«Noi continuiamo a chiedere al governo, ogni giorno, che venga fissata la data dei referendum. E che venga accorpata a quella delle amministrative, perché significherebbe anche un risparmio di spese per i cittadini». Il segretario generale della Fiom, Maurizio Landini, è impegnato già da diverse settimane nella campagna per sostenere i due quesiti su voucher e appalti, come d’altronde lo sono i colleghi sindacalisti, a partire da Susanna Camusso.

Pensate che il quorum sia a portata di mano?

Non ci nascondiamo che non è un obiettivo facile, scontato. Bisogna portare a votare 26 milioni di persone: i segnali che vedo, però, sia dal mondo del lavoro, ma più in generale anche dai giovani, dagli stessi imprenditori, mi confortano. Adesso però è importante che il governo fissi una data, come ho detto, e che possibilmente coincida con le prossime elezioni amministrative.

Quindi anche alcuni imprenditori sarebbero interessati a partecipare al voto?

Parlo ovviamente di quelli che puntano sugli investimenti e l’innovazione, sulla qualità del lavoro: imprese che fanno concorrenza sleale tramite l’uso smodato dei voucher e gli appalti al massimo ribasso rappresentano per loro uno degli ostacoli maggiori.

Insomma confidate nella voglia di partecipare.

Beh, se ragioniamo sul referendum del 4 dicembre, dove sono andati a votare quasi il 70% degli aventi diritto, la possibilità c’è. E ricordo che si è trattato di sei milioni in più di v otanti rispetto alle elezioni europee: persone che evidentemente non si sentivano rappresentate da nessun partito, hanno poi deciso di esprimersi sulla Costituzione. Era anche un esplicito voto di dissenso rispetto alle scelte economiche e sociali del governo Renzi.
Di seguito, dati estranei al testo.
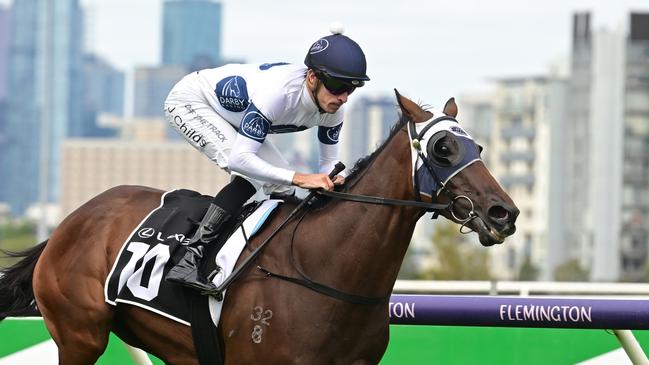 Goldman heads the Melbourne Cup order of entry. Picture: Vince Caligiuri/Getty Images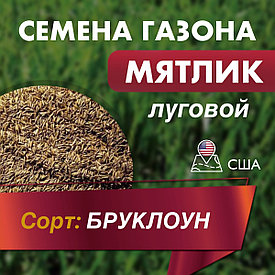 Газонная трава семена "Мятлик" луговой (сорт Бруклоун), кг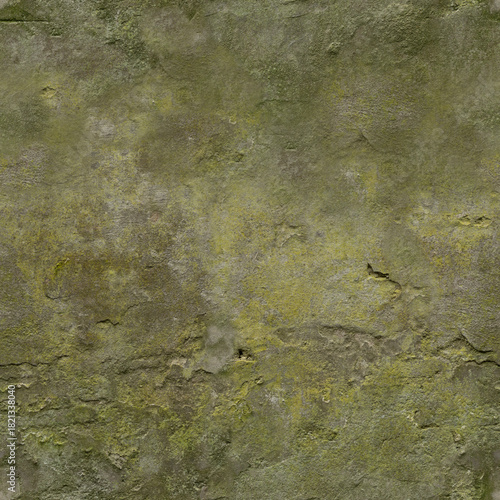 Grunge Detailed Old Cement Wall Texture with Moss and Lichen Background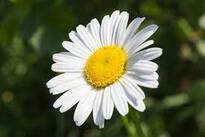 0402r7ua-5646-205x137.jpg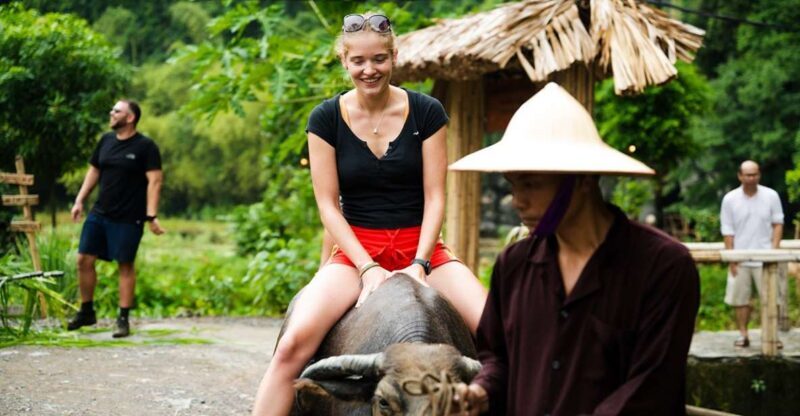 Ninh Binh: Buffalo riding, rice planting group tour - The Value of This Experience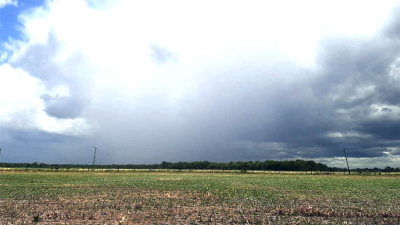 El clima le da un respiro al campo chaqueño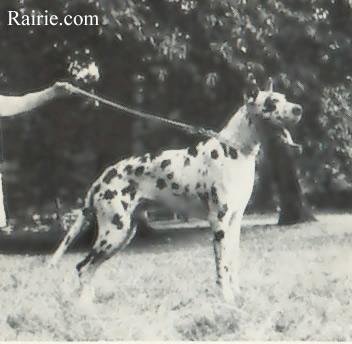 Ivanhoe Von Der Haardburg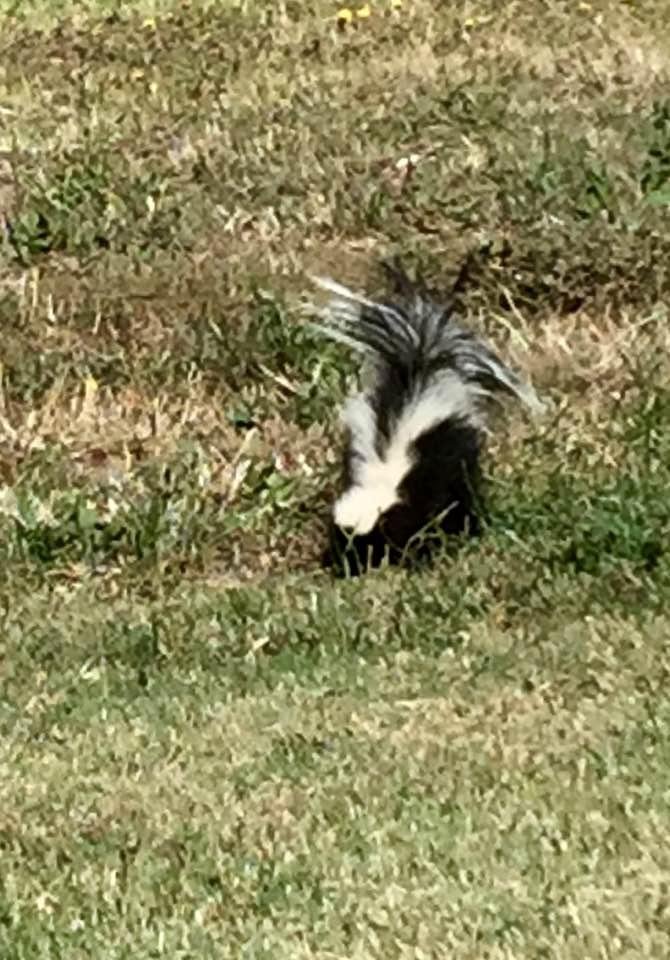 Little stinker on the 4th tee at Franklin Canyon GC today looking for some grubs.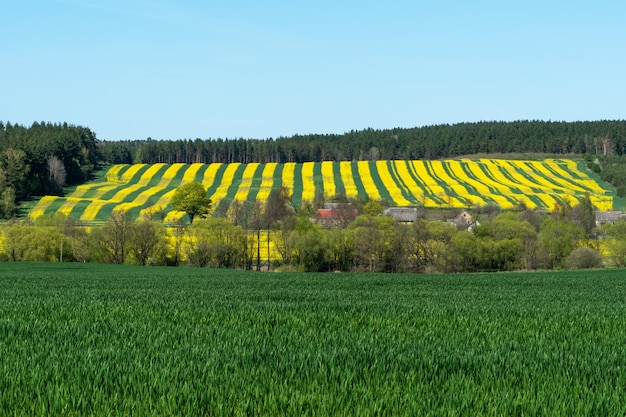 Beautiful flowering rapeseed field next to the forest Yellowgreen stripes on a field sown with rapeseed An ecologically clean place for growing wheat rye rapeseed and other agricultural crops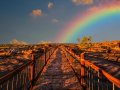 Code to Low-code: It’s A Happy Journey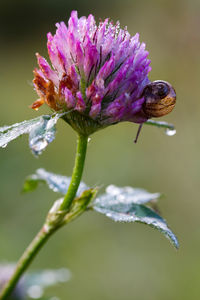 Close-up of insect on purple flower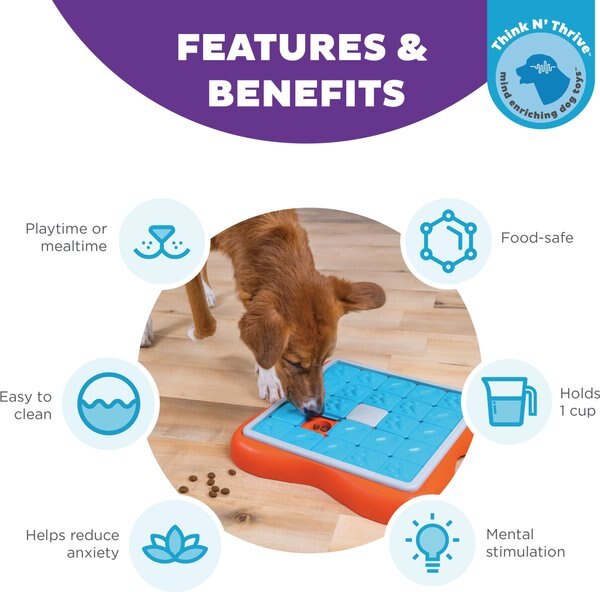 Nina Ottosson by Outward Hound Challenge Slider Dog Toy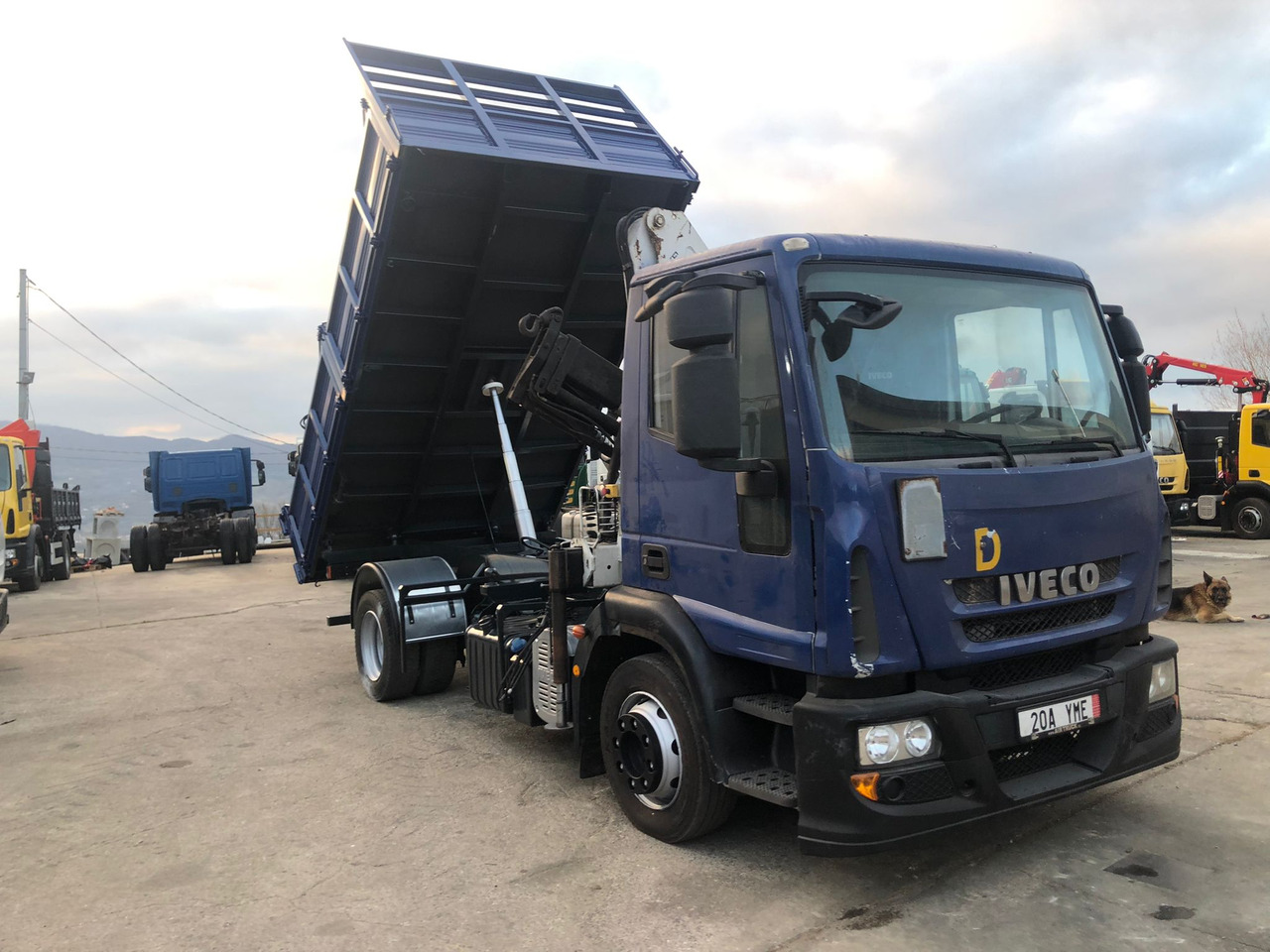 Crane truck IVECO EUROCARGO 120E25: picture 38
E rispetto al governo Gentiloni? Secondo voi deve durare fino a fine legislatura per affrontare i dossier più urgenti? Magari anche i vostri?

Il mio problema non è la durata, ma cosa fa. Se volesse potrebbe fare una legge che cancelli i voucher e una nuova normativa sulla responsabilità solidale negli appalti. C’è il problema delle pensioni, di far ripartire gli investimenti. E a fine anno si riapre la discussione sul Fiscal compact: dobbiamo ripensare quei vincoli che ci hanno addirittura portato a inserire il pareggio di bilancio in Costituzione, riuscire a scorporare dal conteggio del deficit gli investimenti. Un altro nodo è il reddito di dignità. E infine una riforma seria degli ammortizzatori sociali: è assurdo che a una impresa costi di più ricorrere alla cassa integrazione o al contratto di solidarietà che non fare dei licenziamenti.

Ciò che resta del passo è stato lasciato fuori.